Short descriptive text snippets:
★ ★ ★ ★
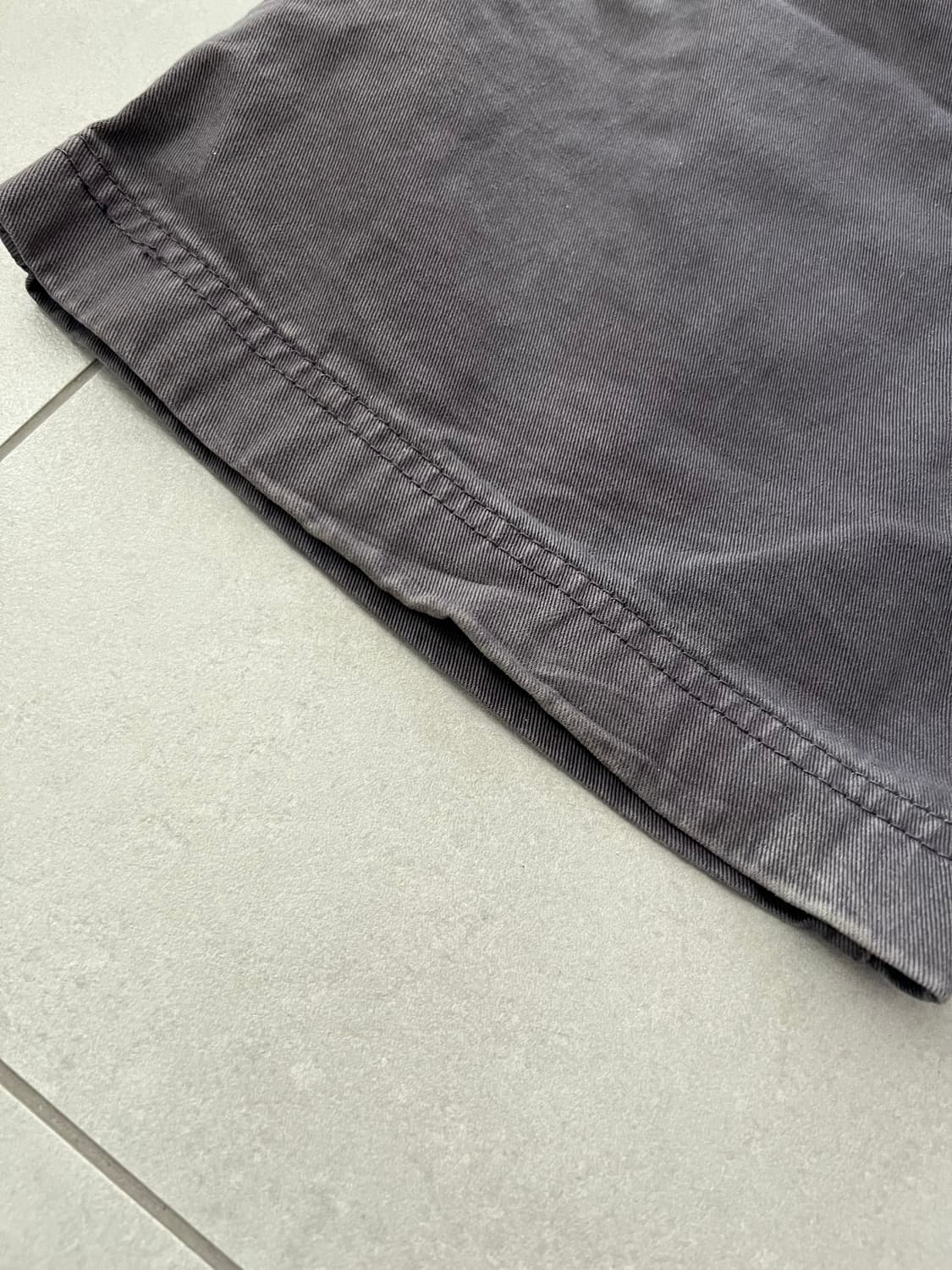 그라미치 리그 카고팬츠 그레이프 L 상품이미지6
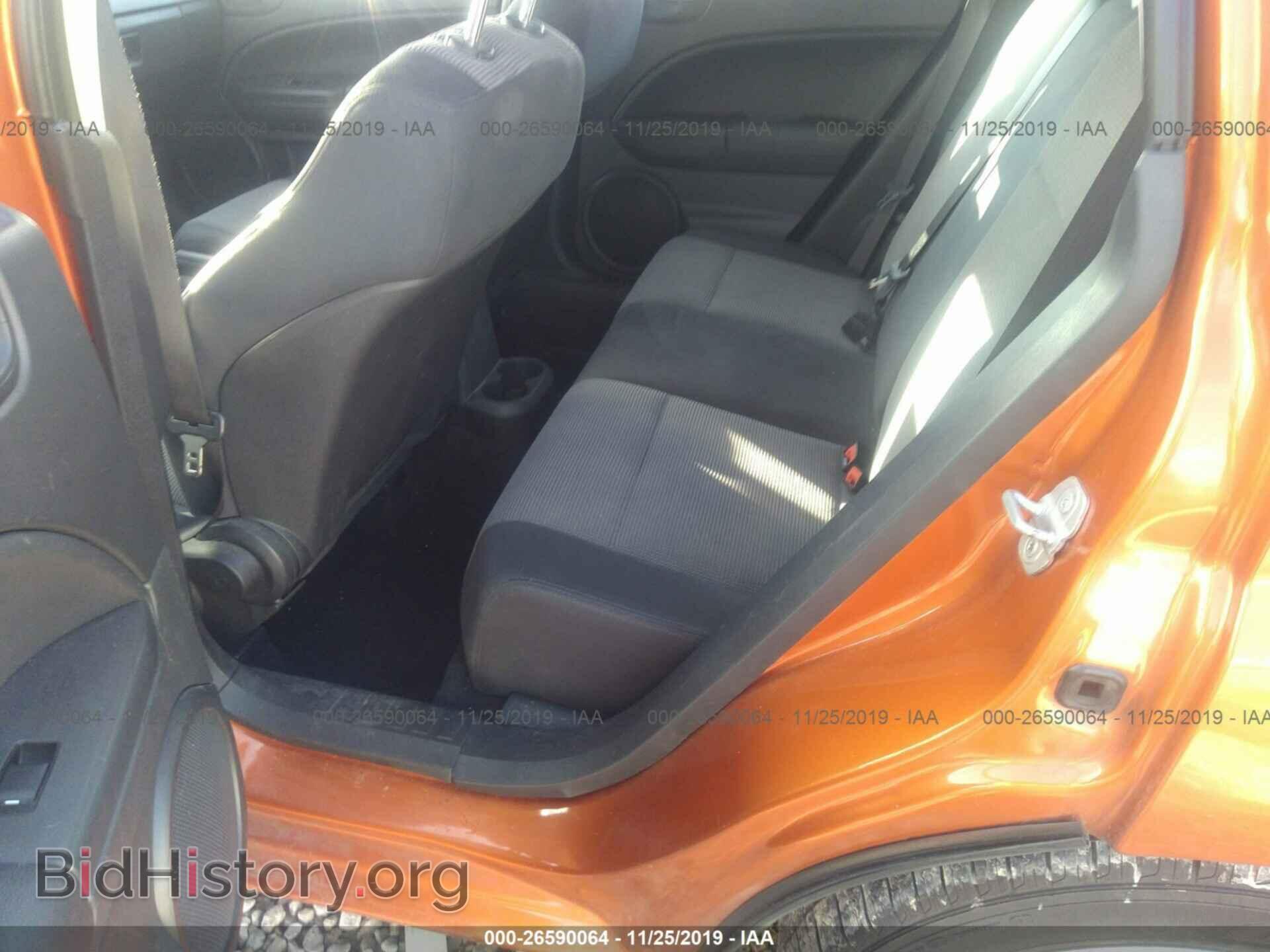 2011 DODGE CALIBER - VIN: 1B3CB3HA7BD242321 - Photo 8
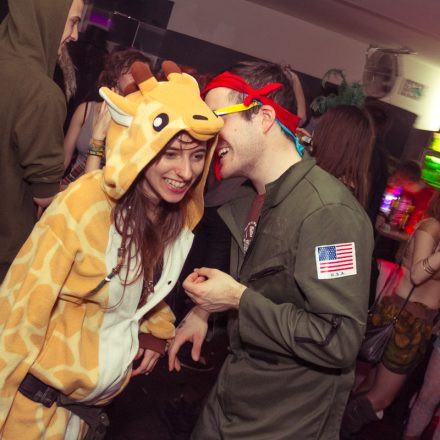 The Faschingsfest @ Loft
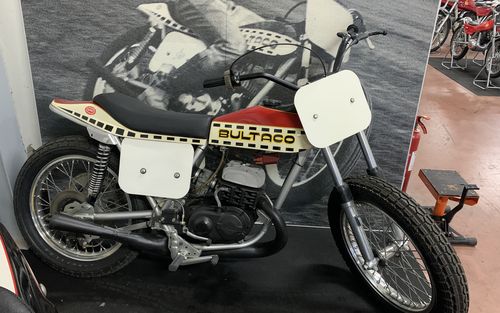 1979 Bultaco Astro (picture 1 of 16)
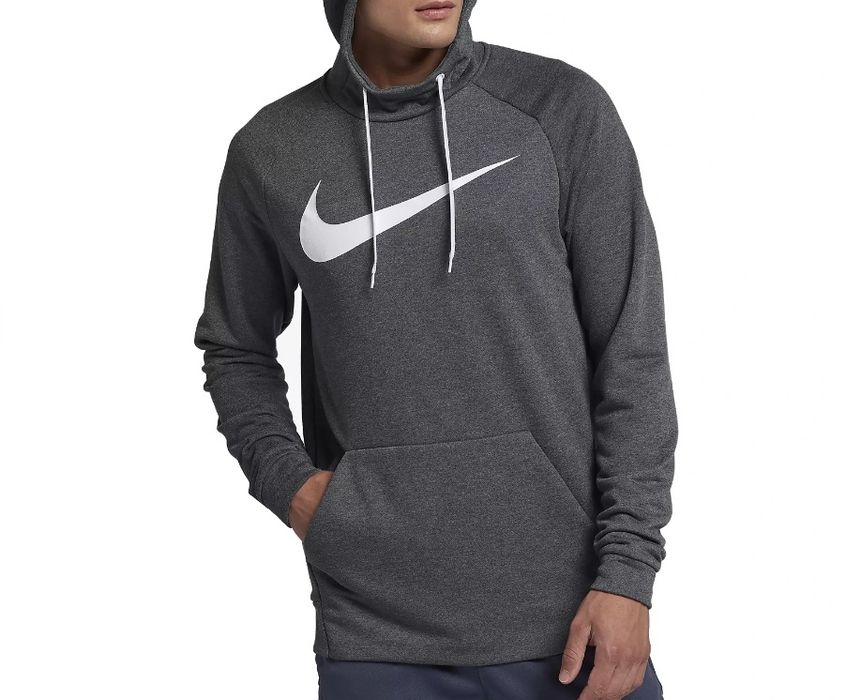 Nike bluza sportowa męska logowana L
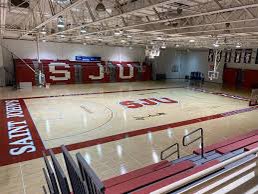 After a great visit, I am thankful to announce I have received a roster spot at St. Johns(MN). Thank you to Coach Pat and @CoachDQ_ for the visit and this opportunity. Go Johnnies!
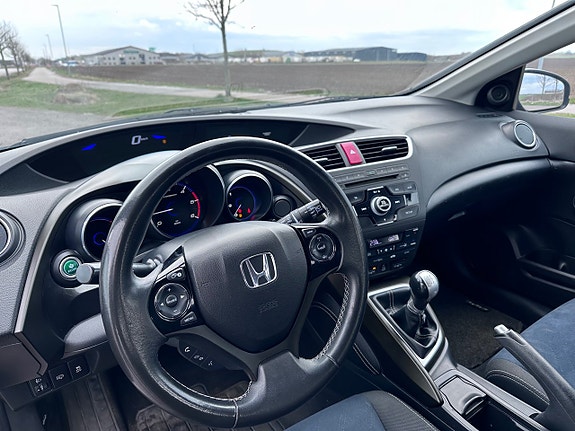 Honda Civic 12 of 20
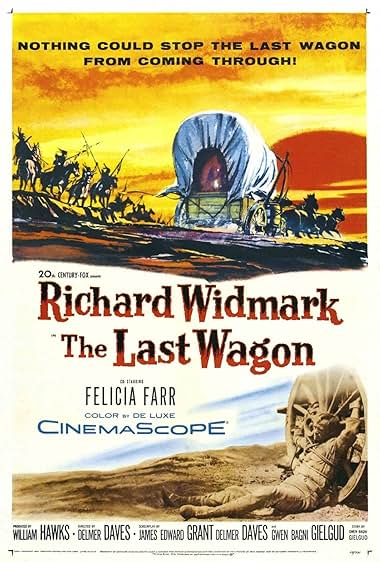Famous quotes from Hollywood movie : The Last Wagon (1956)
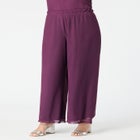 Mesh Overlay Pant image number null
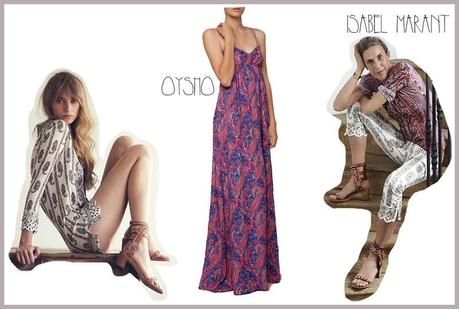 #3 Trend S/S 2013: Paisley print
★ ★ ★ ★
Task instructions: Every line from the one containing "Honda Civic 12 of 20" through the last line of the data, both included, is to be repeated exactly; the pictures are to be left out.

Response:
 Honda Civic 12 of 20
Famous quotes from Hollywood movie : The Last Wagon (1956)
 Mesh Overlay Pant image number null
 #3 Trend S/S 2013: Paisley print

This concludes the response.